Props to the Pharoahs! Hassan Shehata had them playing some seriously penetrating football. They were passing and moving like a Bob Paisley machine — and that’s the highest of all high compliments one can make about a football manager. Aboutrika, Mido and Zaki, all seemed like yesterday’s men, as precocious and timely talents like Shikabla and Geddo combined with creative mainstays like Hassan, Motaeb and Zidan to persuade the ball into their opponents net. Gomaa and El Hadary ensured there would be few arguments at the other end. The Pharoahs will be missed in South Africa, especially when some European adventurers hack their way South in search of the treasure that is avoiding defeat.
And how will Africa’s World Cup qualifiers respond? The Pharoahs provided a clinic, but there were also important lessons to be learned from the performances of Malawi and Zambia. In a word: BELIEVE.
URUGUAY has 4 Stars on their shirts because…(“BUZZ…Jesus, Jones College, Cambridge”) because…Uruguay have been World Champions on 4 occasions: 1924, 1928, 1930 and 1950. The Gold Medalists of Paris and Amsterdam were recognized as World Champions by FIFA.
Uruguay has never played a fixture against 5 of the 2010 World Cup qualifiers. They are: Cameroon, Côte d’Ivoire, Democratic Peoples Republic of Korea, Greece, and Nigeria. It is possible for Uruguay to play against Greece and or North Korea in the 1st Round in South Africa for the first time. Los Charrúas will have to wait until the later rounds to get its claws into the Lions Indomptables, Les Éléphants and or the Super Eagles…Garra Charrúa!!!
Uruguay has beaten Argentina on 54 occasions, including the 1930 World Cup Final.
Uruguay has scored more goals against Argentina than any other qualifier. 213. Count them. Más goles! Menos culata tranplantes!
Uruguay has beaten Brazil on 20 occasions, including the final fixture of the 1950 World Cup Final. Uruguay’s victory ensured they lifted the World Cup in Brazil.
Uruguay is ranked 19th by FIFA, but is ranked 10th by Nate Silver, he of Soccer Power Index fame.
Uruguay has never beaten Algeria, Denmark, Germany, Honduras, Portugal, or Spain. Uruguay could face three of those nations in the first round.
Germany, Honduras, Uruguay and Portugal could be El Otro Grupo de la Muerte!
Slovenia is the smallest nation to qualify for a World Cup. Uruguay is the smallest to win a World Cup!

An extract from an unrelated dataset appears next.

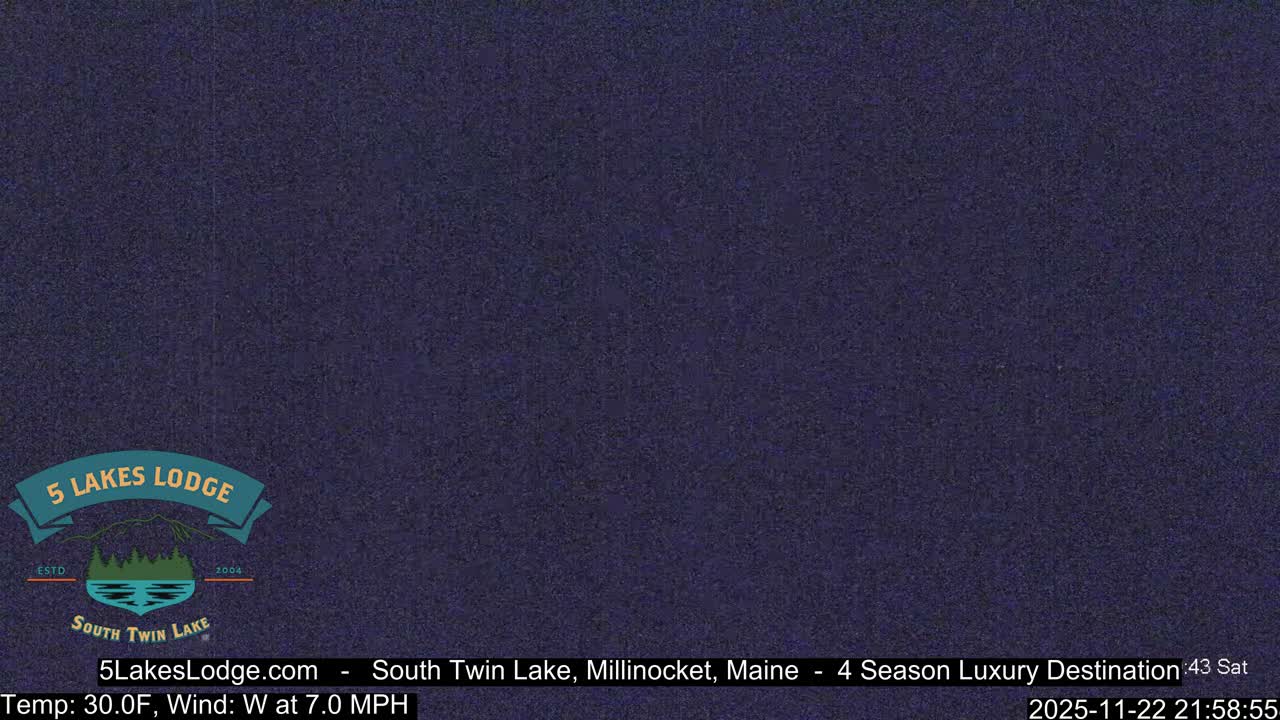 South Twin Lake, Mount  Katahdin, Live Cam - Maine, USA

Nate Silver is a box score genius. Nate Silver can call states, counties and wards like no other. But can Nate predict the winner of the World Cup?
Some of our global readers may find Nate Silver’s statistical offerings on “soccer” other worldly. Who is this four eyed American running the numbers on our game, I hear some of you dismissively spit. But can it be true one can only understand football if one starts drinking about eleven in the morning in a backstreet pub or bar in the vicinity of some corrugated contraption called a football ground. There has to be a middle ground. Nate Silver deserves the utmost respect. But you know among the remnants of ale, chips, pies and gravy that your guts can tell you something Nate’s numbers cannot.

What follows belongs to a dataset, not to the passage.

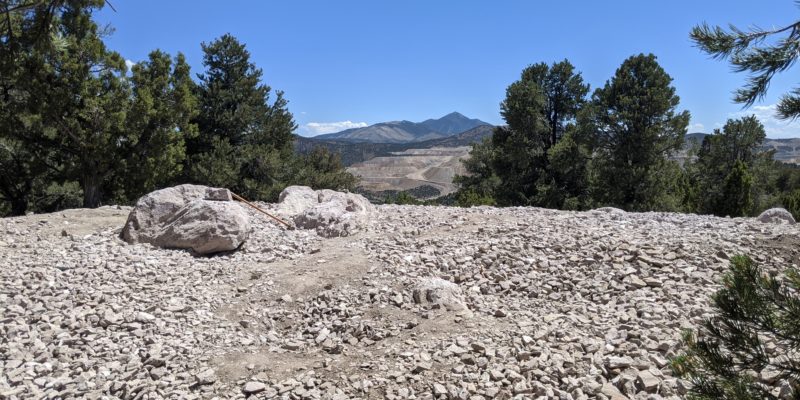 view of Ruth mine and Garnet Hill near Ely, Nevada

Nate has promised to delve into football realm for some time. His arrival is most welcome. FIFA has improved its ranking system. FIFA’s seeds were the deserving form teams (though Silver has a minor objection preferring Portugal over Italy.) Still, Silver’s Soccer Power Index is the Snow Leopard of upgrades. It is on paper at least, the best ranking of international football.
But can the running of fun football statistics really predict winners with such scientific certitude. How can it, for example, adjust for the emergence of a Uruguayan midfield prodigy, the determination African Disapora players from random places like Honduras to perform at that higher level, or the late call up of that left back capable of both the beautiful football and the most horrendous crimes ever witnessed on a football field, where one No.3′s mis-kick can find the back of the net or break Beckham’s leg in three places, not to mention all the other shenanigans?